Zafin is seeking a Cloud Site Reliability Engineer II (CSRE II) to lead strategic initiatives in ensuring the reliability, scalability, and performance of our cloud infrastructure and applications. This advanced role requires mastery in cloud technologies, strategic planning, and incident management to drive innovative solutions and operational excellence.
As a CSRE II, you will influence the direction of cloud reliability strategies, mentor junior engineers, and lead significant projects that have a broad organisational impact.
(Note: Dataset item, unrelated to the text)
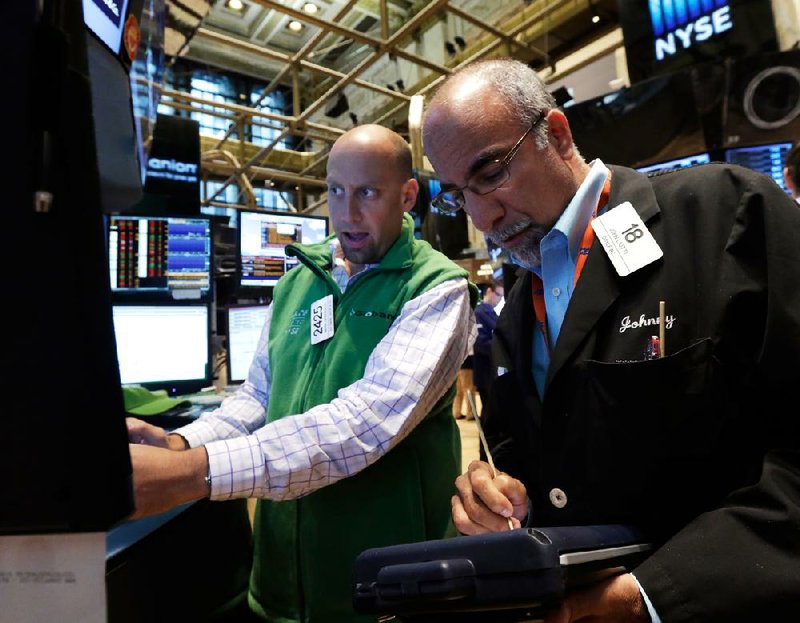 Specialist Meric Greenbaum, left, and trader John Liotti work on the floor of the New York Stock Exchange Friday, July 18, 2014. U.S. stocks are opening higher after Google, Honeywell and other big companies report their quarterly results. (AP Photo/Richard Drew)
This position reports directly to the VP of Cloud Services and requires a proactive, collaborative mindset to achieve operational and strategic objectives.
Key Responsibilities
- Lead and manage the resolution of complex technical issues involving Zafin’s products and the Azure cloud environment.
- Design and implement strategic operational enhancements to improve resiliency and system reliability.
- Conduct in-depth Root Cause Analysis (RCA) for high-severity incidents and drive initiatives to reduce error recurrence.
- Represent the organisation in external client escalation calls, providing expert guidance and solutions.
- Architect and optimise cloud infrastructure for high performance, scalability, and cost-effectiveness.
- Provide thought leadership in managing and scaling container orchestration platforms such as AKS and OpenShift.
- Oversee the implementation of advanced monitoring solutions and integrate predictive analytics for proactive issue resolution.
- Develop and execute automation strategies to streamline operational workflows and enhance incident response capabilities.
- Create and maintain comprehensive documentation of cloud architectures, processes, and incident management strategies.
- Mentor and coach junior engineers, fostering a culture of continuous learning and innovation.
- Drive strategic initiatives, collaborating with cross-functional teams to achieve organisational objectives.